<<<<

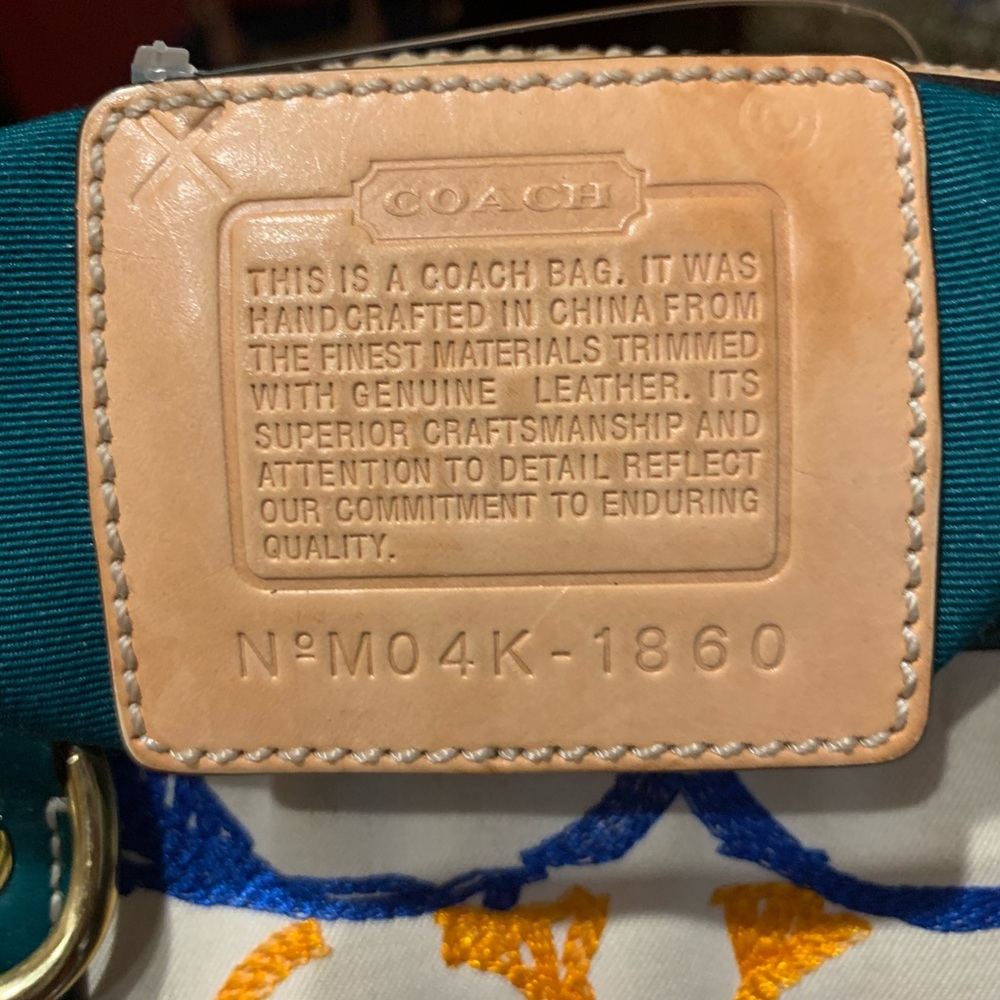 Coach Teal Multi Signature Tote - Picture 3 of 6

>>>>
<<<<

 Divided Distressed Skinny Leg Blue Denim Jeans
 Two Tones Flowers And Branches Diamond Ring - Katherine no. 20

>>>>

§ What this task involves
Set down, exactly as they stand above, the lines starting with the line with "Divided Distressed Skinny" and going on through the line with "Two Tones Flowers", and no others.

§ The answer
 Divided Distressed Skinny Leg Blue Denim Jeans
 Two Tones Flowers And Branches Diamond Ring - Katherine no. 20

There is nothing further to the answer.